JRuby before the changes:
$ jruby -J-server -O bench_fib_recursive.rb
1.039000 0.000000 1.039000 ( 1.039000)
1.182000 0.000000 1.182000 ( 1.182000)
1.201000 0.000000 1.201000 ( 1.201000)
1.197000 0.000000 1.197000 ( 1.197000)
1.208000 0.000000 1.208000 ( 1.208000)
1.202000 0.000000 1.202000 ( 1.202000)
1.187000 0.000000 1.187000 ( 1.187000)
1.188000 0.000000 1.188000 ( 1.188000)
JRuby after:
$ jruby -J-server -O bench_fib_recursive.rb
0.864000 0.000000 0.864000 ( 0.863000)
0.640000 0.000000 0.640000 ( 0.640000)
0.637000 0.000000 0.637000 ( 0.637000)
0.637000 0.000000 0.637000 ( 0.637000)
0.642000 0.000000 0.642000 ( 0.642000)
0.643000 0.000000 0.643000 ( 0.643000)
0.652000 0.000000 0.652000 ( 0.652000)
0.637000 0.000000 0.637000 ( 0.637000)
This is probably the largest performance boost since the early days of the compiler, and it's by far the fastest fib has ever run. Here's MRI (Ruby 1.8) and YARV (Ruby 1.9) numbers for comparison:
MRI:
$ ruby bench_fib_recursive.rb
1.760000 0.010000 1.770000 ( 1.813867)
1.750000 0.010000 1.760000 ( 1.827066)
1.760000 0.000000 1.760000 ( 1.796172)
1.760000 0.010000 1.770000 ( 1.822739)
1.740000 0.000000 1.740000 ( 1.800645)
1.750000 0.010000 1.760000 ( 1.751270)
1.750000 0.000000 1.750000 ( 1.778388)
1.740000 0.000000 1.740000 ( 1.755024)
And YARV:
$ ./ruby -I lib bench_fib_recursive.rb
0.390000 0.000000 0.390000 ( 0.398399)
0.390000 0.000000 0.390000 ( 0.412120)
0.400000 0.010000 0.410000 ( 0.424013)
0.400000 0.000000 0.400000 ( 0.415217)
0.400000 0.000000 0.400000 ( 0.409039)
0.390000 0.000000 0.390000 ( 0.415853)
0.400000 0.000000 0.400000 ( 0.415201)
0.400000 0.000000 0.400000 ( 0.504051)
What I think is really awesome is that I'm comfortable showing YARV's numbers, since we're getting so close--and YARV has a bunch of additional integer math optimizations we don't currently support and thought we'd never be able to compete with. Well, I guess we can.

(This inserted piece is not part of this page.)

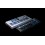 Arturia MiniLab 37 Black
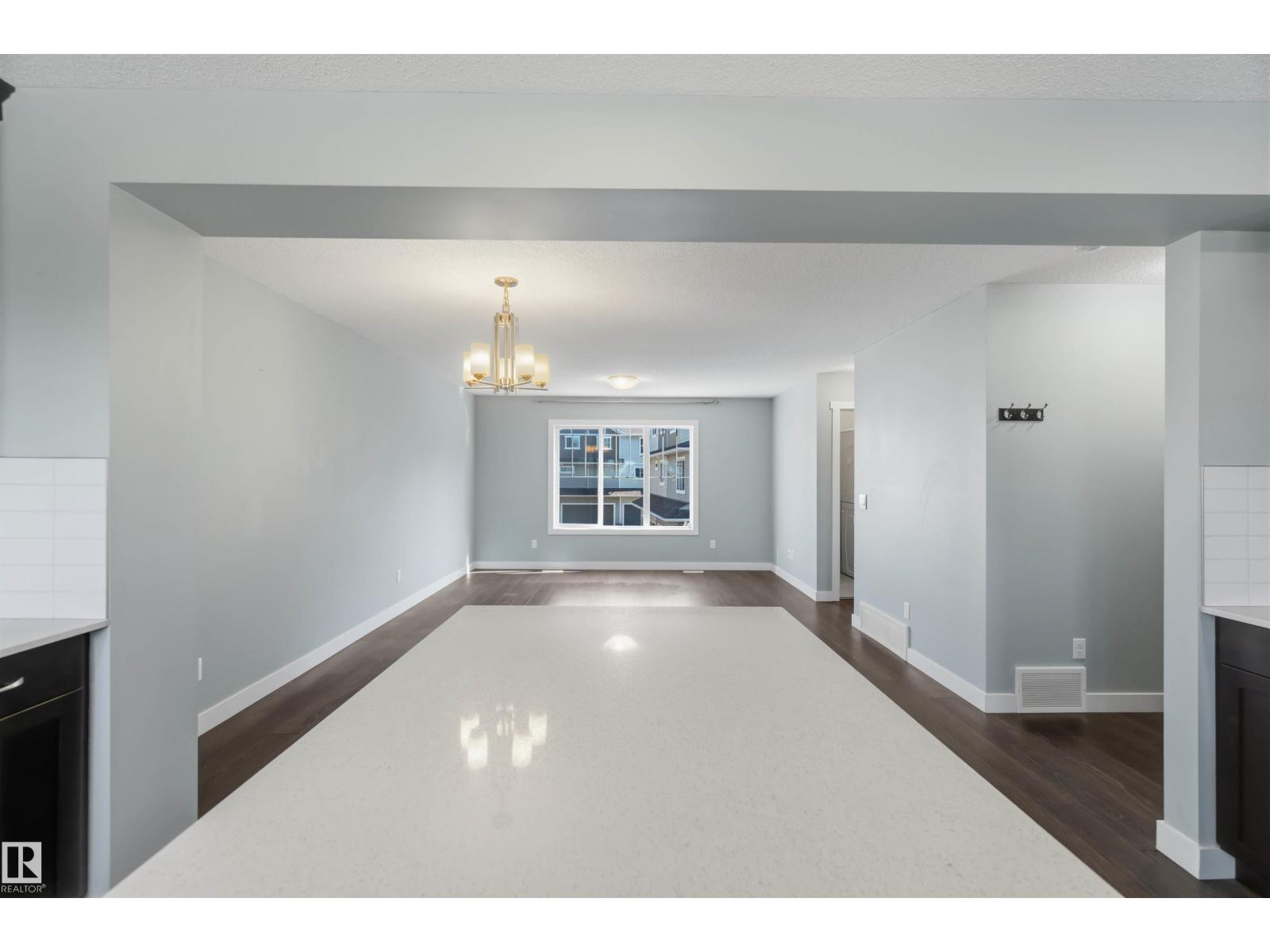 #27 17832 78 ST NW - 20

However a more reasonable benchmark is the "pentomino" benchmark in the YARV suite. We've always been slower than MRI...much slower some time ago when nothing compiled. But times they are a-changin'. Here's JRuby before the changes:
$ time jruby -J-server -O sbench/bm_app_pentomino.rb
real 1m50.463s
user 1m49.990s
sys 0m1.131s
And after:
$ time jruby -J-server -O bench/bm_app_pentomino.rb
real 1m25.906s
user 1m26.393s
sys 0m0.946s
MRI:
$ time ruby test/bench/yarv/bm_app_pentomino.rb
real 1m47.635s
user 1m47.287s
sys 0m0.138s
And YARV:
$ time ./ruby -I lib bench/bm_app_pentomino.rb
real 0m49.733s
user 0m49.543s
sys 0m0.104s
Again, keep in mind that YARV is optimized around these benchmarks, so it's not surprising it would still be faster. But with these recent changes--general-purpose changes that are not targeted at any specific benchmark--we're now less than 2x slower.
My confidence has been wholly restored.